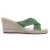 Montevita Espadrill Wedsun2 Groen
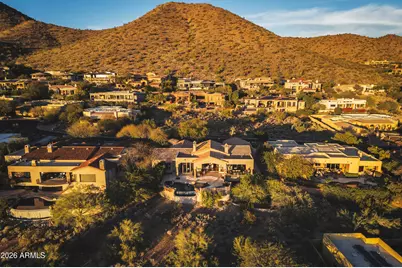 11773 E Desert Trail Road, Scottsdale, AZ 85259 - Photo 116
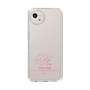 スリムプロテクションケース［ 【AKB48 THREE CONCEPTS LIVE開催記念コラボグッズ】 - 八木 愛月 - サイン ］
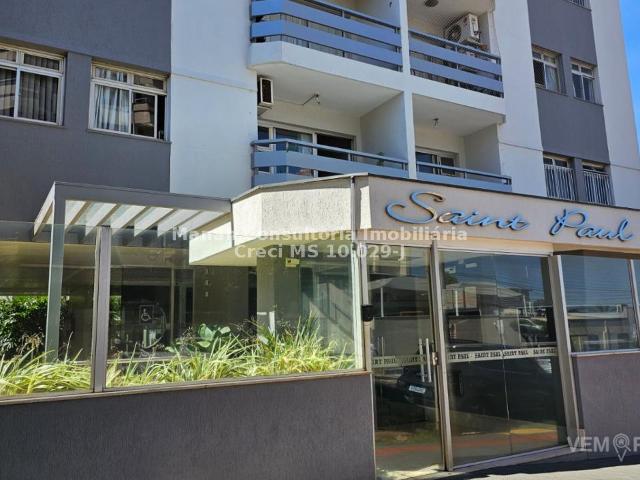 Apartamento aluguel em Região Geográfica Imediata de Campo Grande, Campo Grande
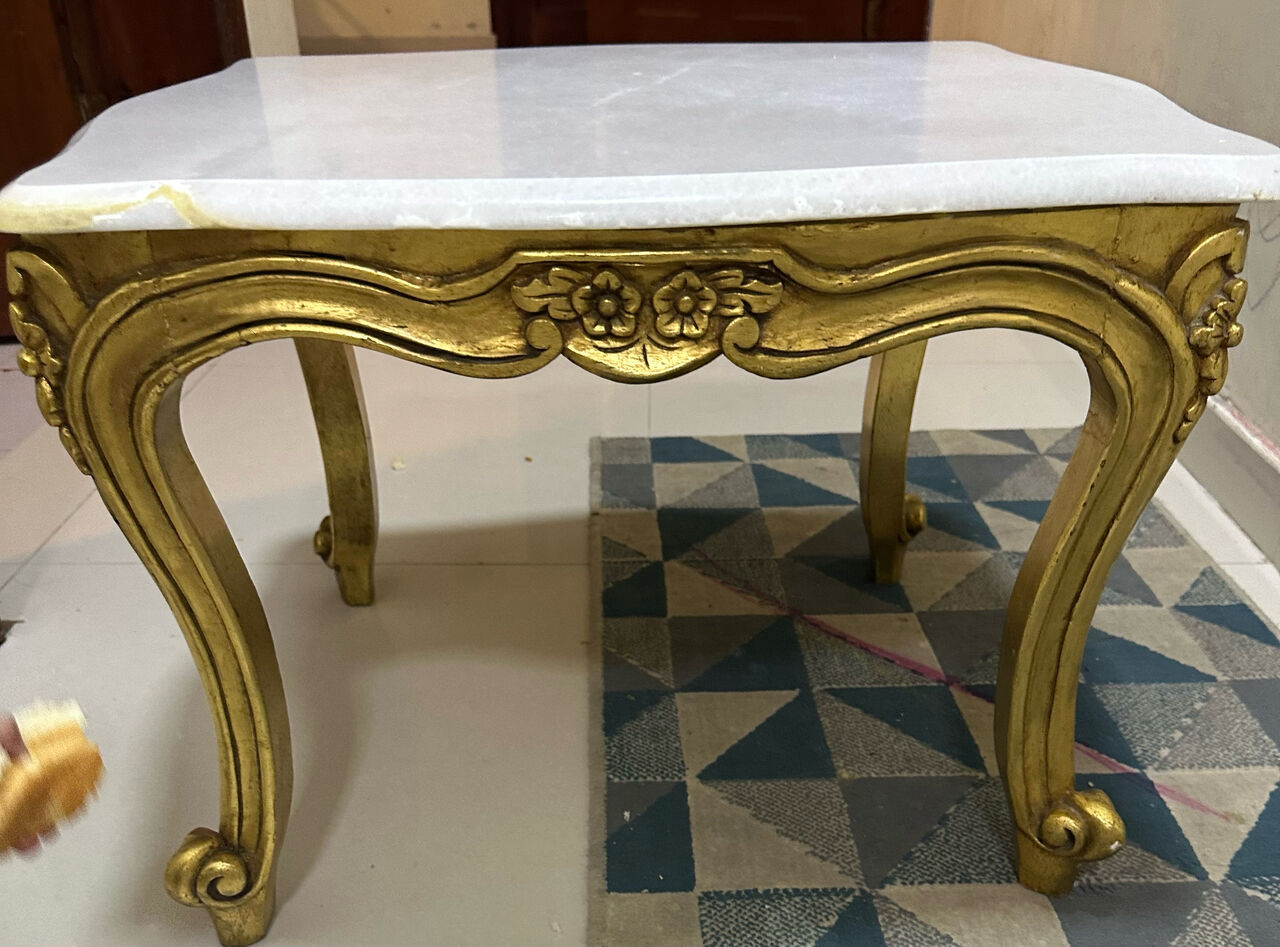 Jubail, Furniture, SAR 180,  Sofa Chairs With Table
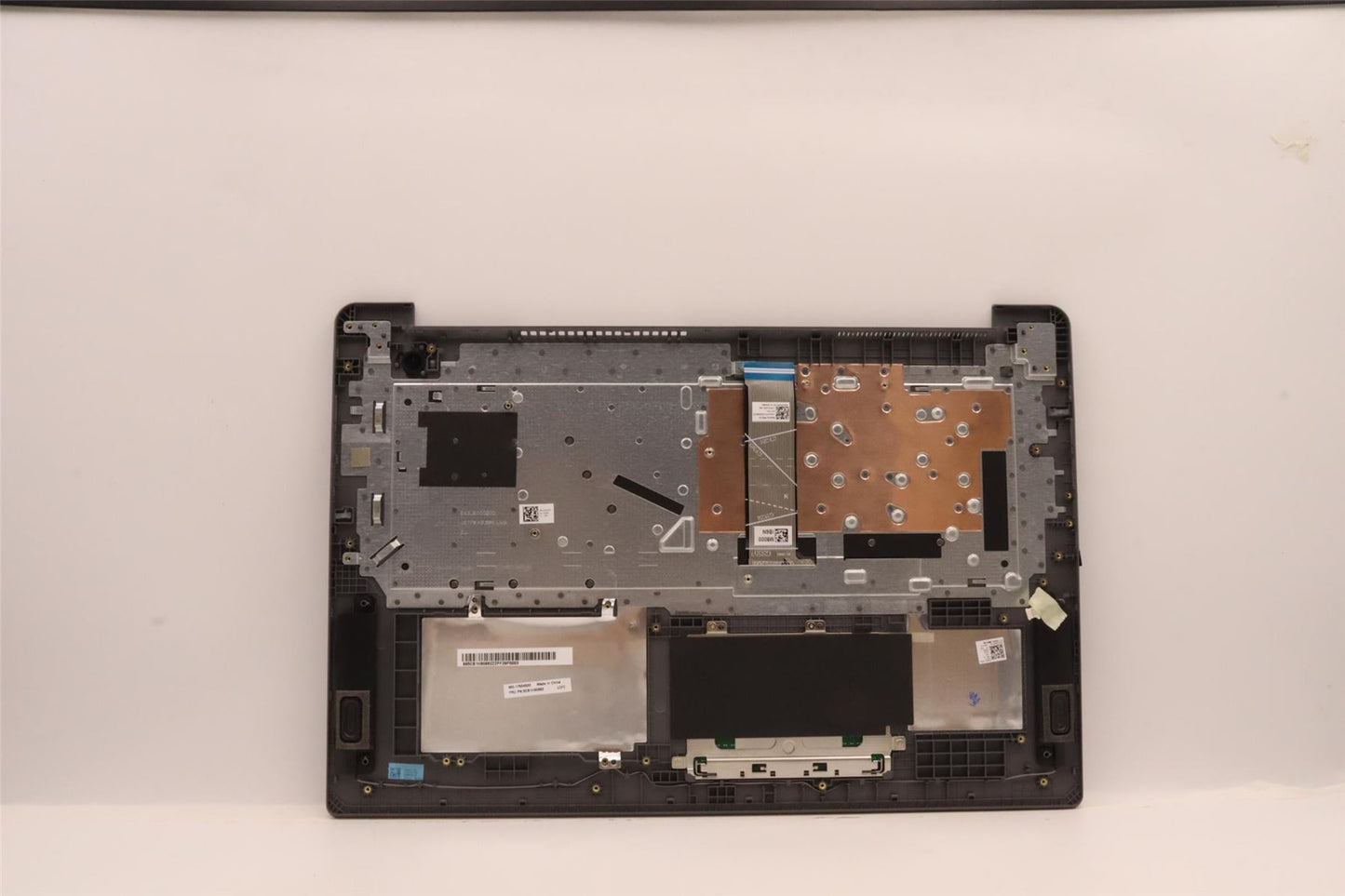 Lenovo IdeaPad 3 17IAU7 3 17ABA7 Palmrest Cover Touchpad Keyboard 5CB1H80862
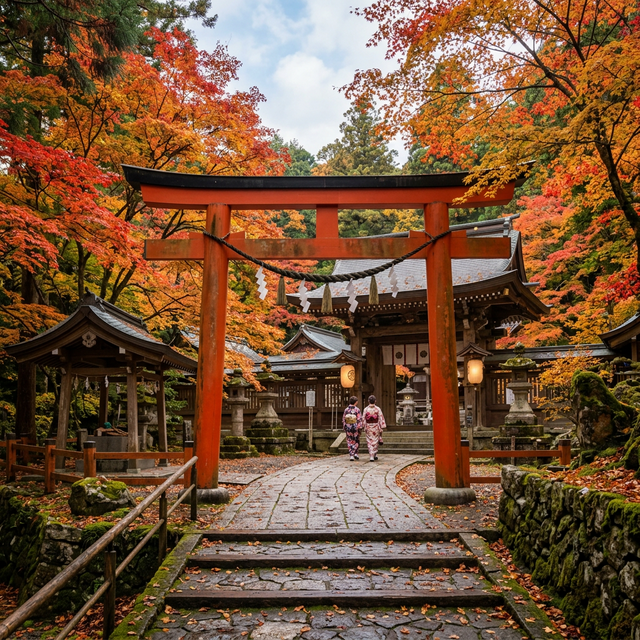 名古屋市瑞穂区の街並み
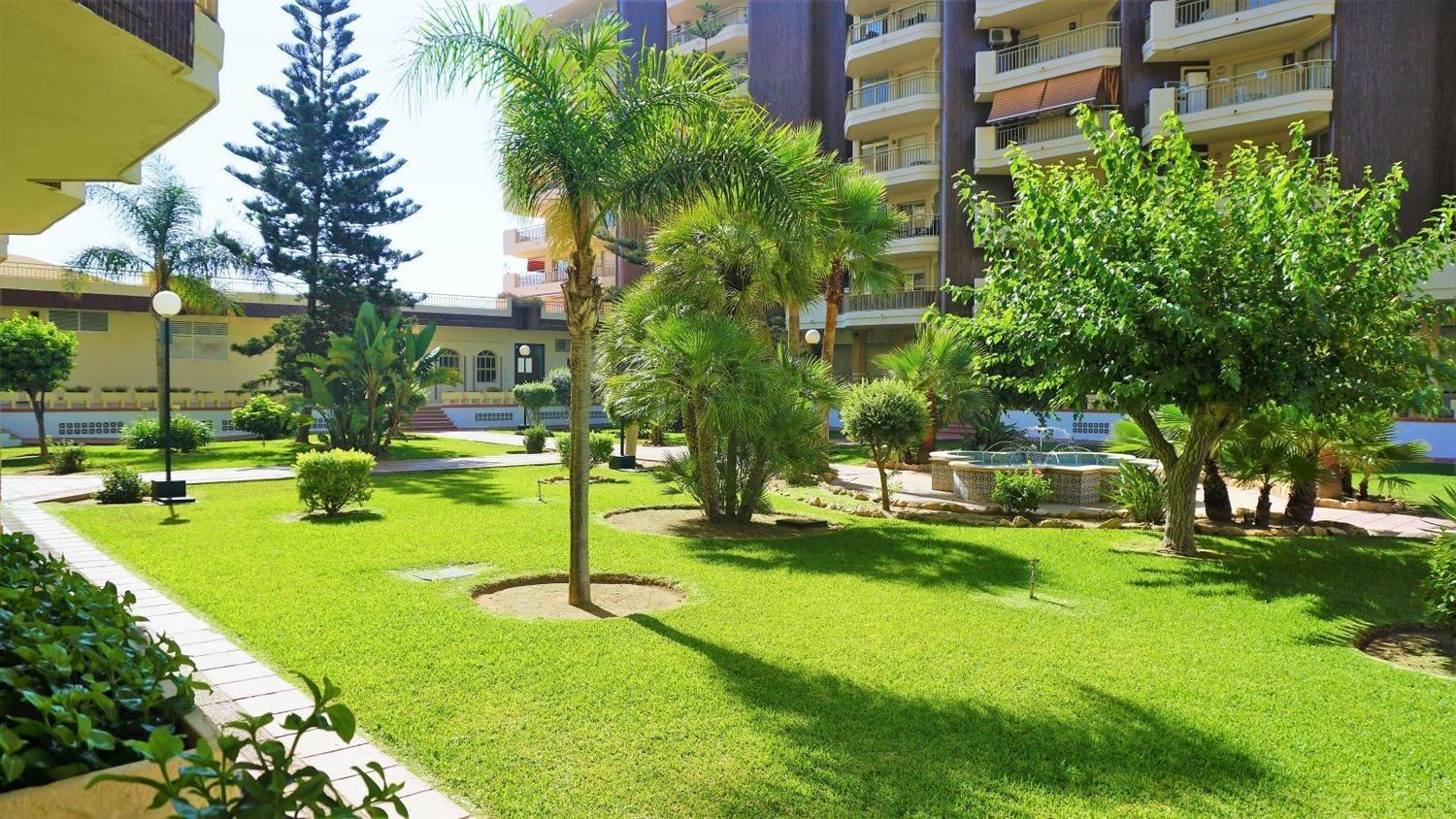 Piso en paseo marítimo rey de españa, 2 - Foto 14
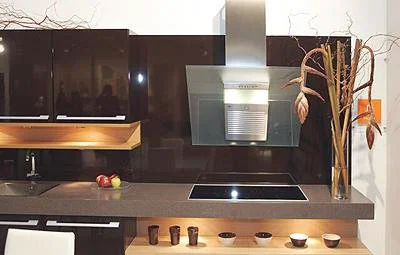 Nauja „Nabuko” virtuvės baldų studija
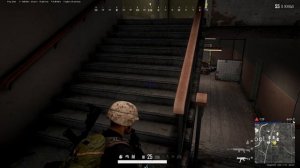 PLAYERUNKNOWN'S BATTLEGROUNDS 2026.06.19 - 20.31.14.19.Одно убийство.DVR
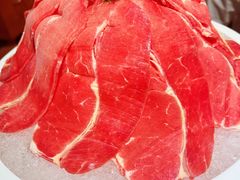 -老版火锅(曲江银泰店)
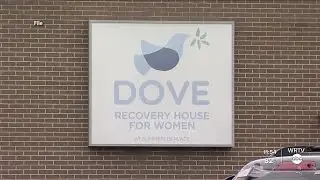 Local swimmers raising money to benefit Dove Recovery House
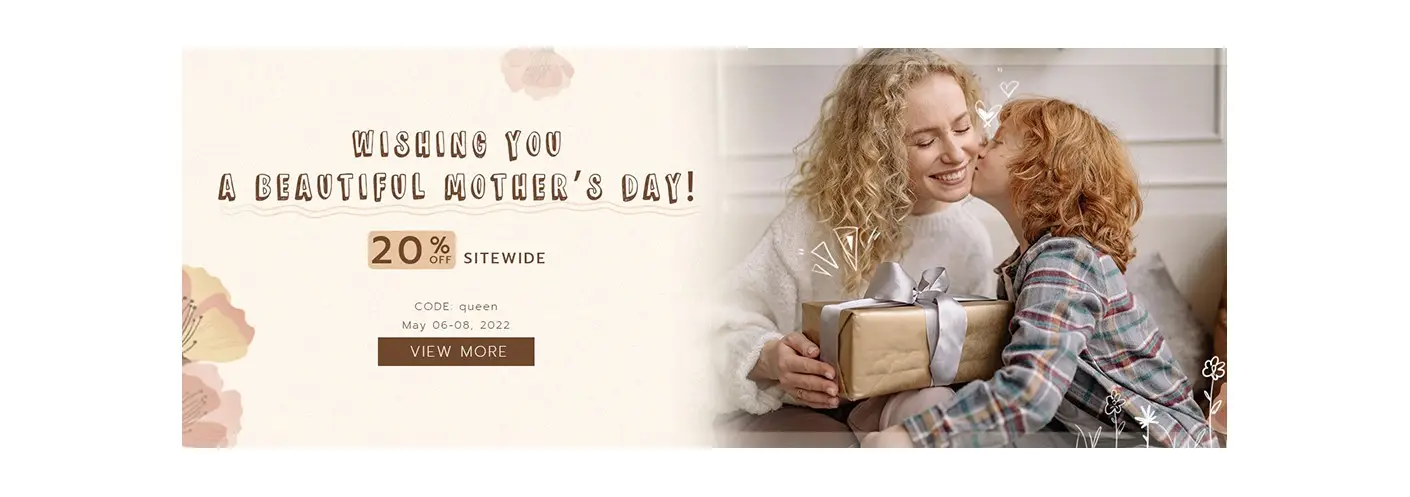 Mother’s Day Deals 2022: Get the Best Gifts for Your Beloved Mother’s Day Deals 2022: Get the Best Gifts for Your Beloved
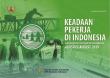 Keadaan Pekerja Di Indonesia Agustus 2019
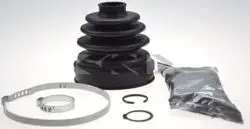 Volkswagen Passat 2005-2010 Model Arası 2.0 TDI Motor İç Aks Körüğü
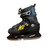 Used K2 FIT ICE Mens Softboot Skate Black Senior 8 11813-S000349937 View 2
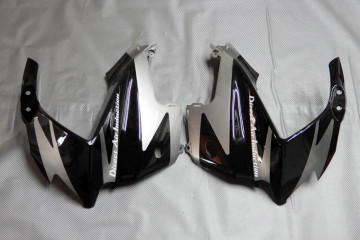 Carena completa HONDA CBR 600 F / F3 1997 - 1998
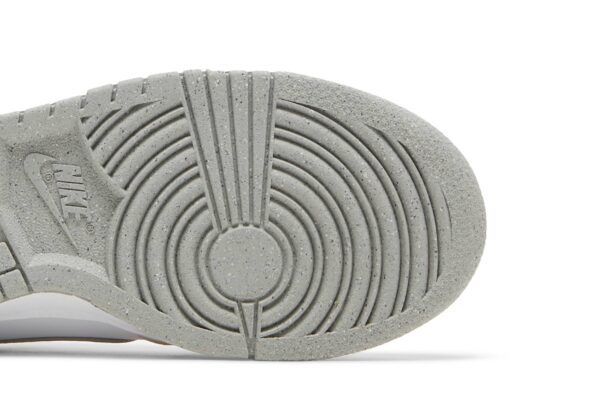 Nike Dunk Low Next Nature White Light Orewood Brown (Women's) DN1431-100 - Phonecase4u photo 5
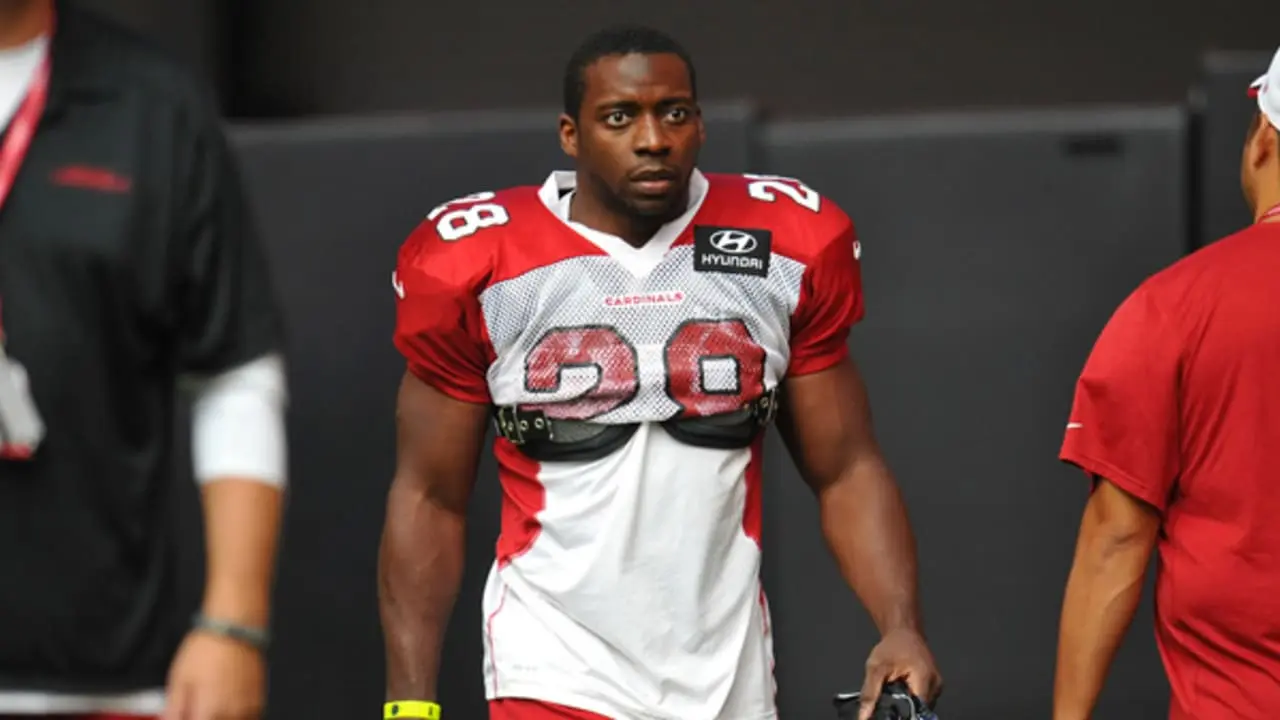 Who Is Rashard Mendenhall? Age, Bio, Career And More Of The Former Professional Football Player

==========

● Activity
Look above for the line with "Jubail, Furniture, SAR", then give again exactly every line from there through the line with "Nike Dunk Low", skipping the pictures.

● Task solution
 Jubail, Furniture, SAR 180,  Sofa Chairs With Table
 Lenovo IdeaPad 3 17IAU7 3 17ABA7 Palmrest Cover Touchpad Keyboard 5CB1H80862
 名古屋市瑞穂区の街並み
 Piso en paseo marítimo rey de españa, 2 - Foto 14
 Nauja „Nabuko” virtuvės baldų studija
 PLAYERUNKNOWN'S BATTLEGROUNDS 2026.06.19 - 20.31.14.19.Одно убийство.DVR
 -老版火锅(曲江银泰店)
 Local swimmers raising money to benefit Dove Recovery House
 Mother’s Day Deals 2022: Get the Best Gifts for Your Beloved Mother’s Day Deals 2022: Get the Best Gifts for Your Beloved
 Keadaan Pekerja Di Indonesia Agustus 2019
 Volkswagen Passat 2005-2010 Model Arası 2.0 TDI Motor İç Aks Körüğü
 Used K2 FIT ICE Mens Softboot Skate Black Senior 8 11813-S000349937 View 2
 Carena completa HONDA CBR 600 F / F3 1997 - 1998
 Nike Dunk Low Next Nature White Light Orewood Brown (Women's) DN1431-100 - Phonecase4u photo 5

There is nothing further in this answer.